How to support menopausal experience
In a recent US survey , nearly half the working women aged 45 to 60 found managing menopausal symptoms in their work life was extremely or somewhat difficult.
Menopause usually occurs in women between the ages of 45 and 55 and may result in a variety of symptoms lasting from four to eight years. 16% of female staff at the University are aged 51-65 years old.
Organisations are increasingly showing concern for the health and wellbeing of employees. However, it has been reported that specific and comprehensive knowledge that can guide employers on how best to support the menopausal experience is lacking and HR staff and managers are underprepared, even unskilled, in supporting mature women.
A study of female employees at three Australian universities found the more frequently women experienced menopause-related symptoms, the less engaged they felt at work, less satisfied with their job, less committed to the organisation they work for, and with a greater intention to quit their job.

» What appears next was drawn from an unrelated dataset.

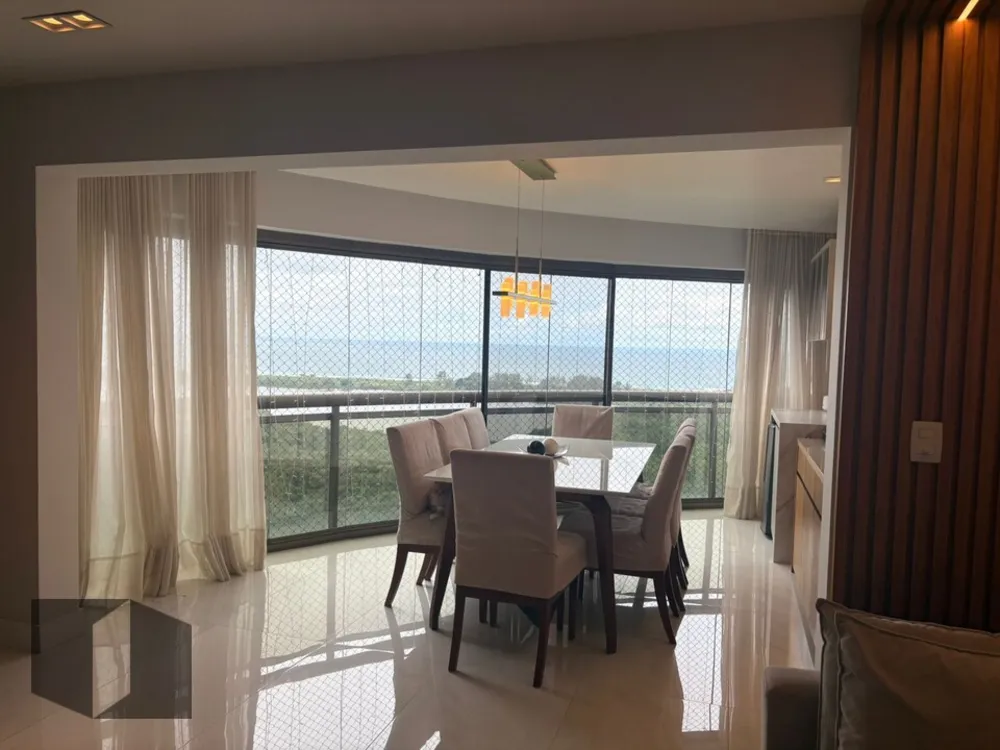 Apartamento, 4 quartos, 158 m² - Foto 12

Recent work in the UK suggests managers should:
- Be aware of how the menopause can affect working women
- Have a positive attitude to the issue
- Allow flexibility of working hours and working arrangements
- Ensure women face no detriment in for example taking time off for their health and wellbeing
- Consider workplace issues such as temperature, ventilation and access to cold water as a means of supporting a healthy work environment
- Provides educational information for both health professionals and women
- Links to latest research
- Information sheets and resources
- Directory of doctors who specialise in women’s health and menopause
New Zealand Early Menopause Support Group
Information website, news, links, discussion groups and support group.
Health Navigator: Menopause
New Zealand not-for-profit health website backed by District Health Boards which provides information and key links.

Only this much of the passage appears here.